The alternative writ is discharged and the stay of proceedings is dissolved. Let a peremptory writ issue directing the respondent superior court to set aside the judgment in case number 342145 and to enter a new judgment consistent with the conclusions of law set forth in this opinion.
1. The portion of section 170.6, subdivision (2) quoted above is preceded by the following language. “(2) Any party to or any attorney appearing in any such action or proceeding may establish such prejudice by an oral or written motion without notice supported by affidavit or declaration under penalty of perjury or an oral statement under oath that the judge, court commissioner, or referee before whom such action or proceeding is pending or to whom it is assigned is prejudiced against any such party or attorney or the interest of such party or attorney so that such party or attorney cannot or believes that he cannot have a fair and impartial trial or hearing before such judge, court commissioner, or referee. Where the judge, court commissioner, or referee assigned to or who is scheduled to try the cause or hear the matter is known at least 10 days before the date set for trial or hearing, the motion shall be made at least five days before that date. If directed to the trial of a cause where there is a master calendar, the motion shall be made to the judge supervising the master calendar not later than the time the cause is assigned for trial.”
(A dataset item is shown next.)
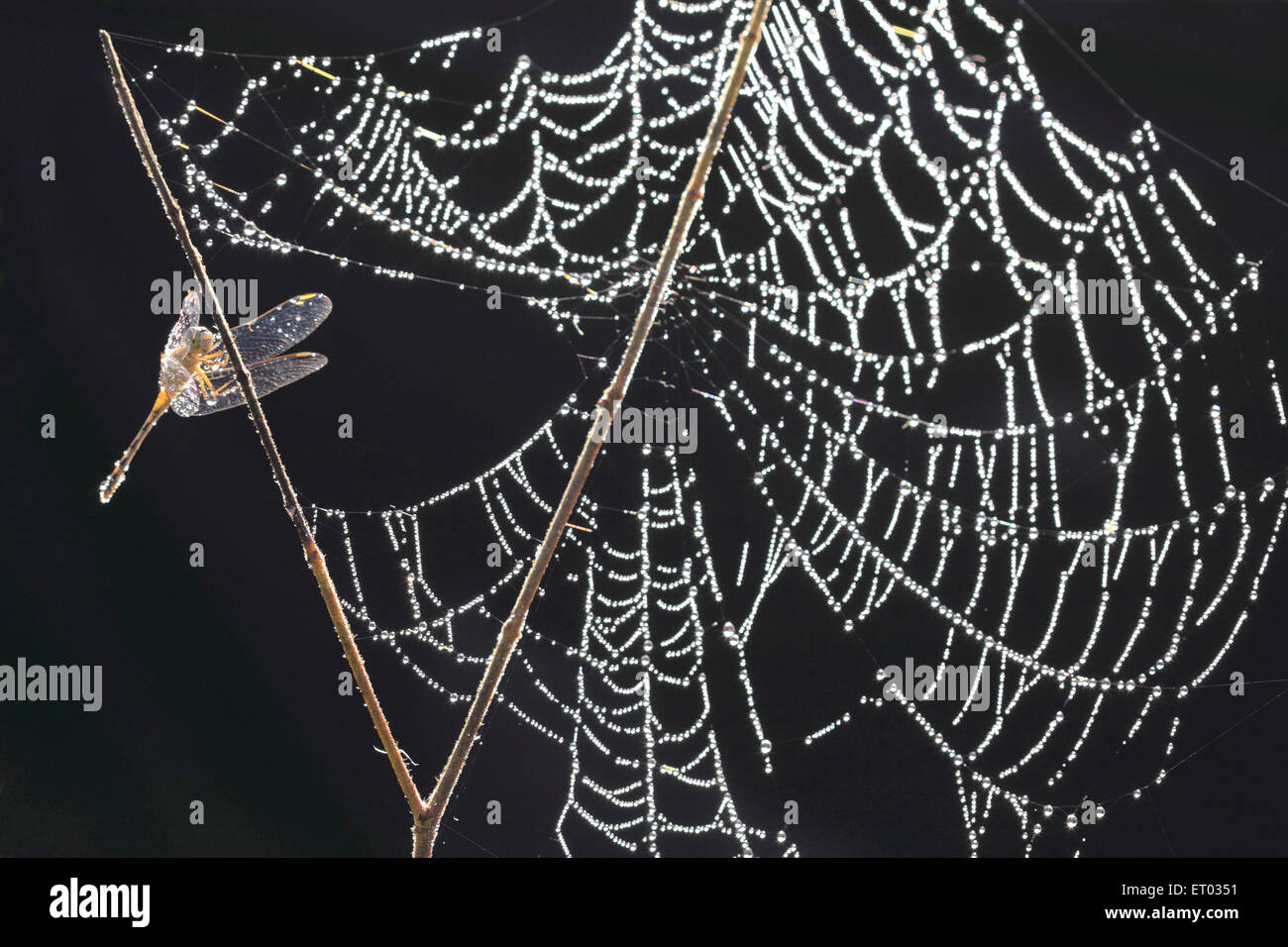 Spider web with dewdrops , spiderweb, spider's web, cobweb , Coorg , Madikeri , hill station , Kodagu , Western Ghats , Karnataka , India , Asia Stock Photo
2. Smith's other argument is that in the original draft of Assembly Bill No. 2593, 1981–82 Regular Session, did not include the words “or attorney.” This bill was the vehicle for the amendment to section 170.6 which established the 30–day limitations period here in issue. Smith says that these words were added in an amendment of the bill during the legislative process. He argues that rejecting his reading renders this alleged addition superfluous. Smith gives us no clue to the place in the statute where these words, originally missing, were allegedly inserted. We have reviewed every version of the bill and can find no support for Smith's claim of amendment.
BLEASE, Acting Presiding Justice.
CARR and SPARKS, JJ., concur.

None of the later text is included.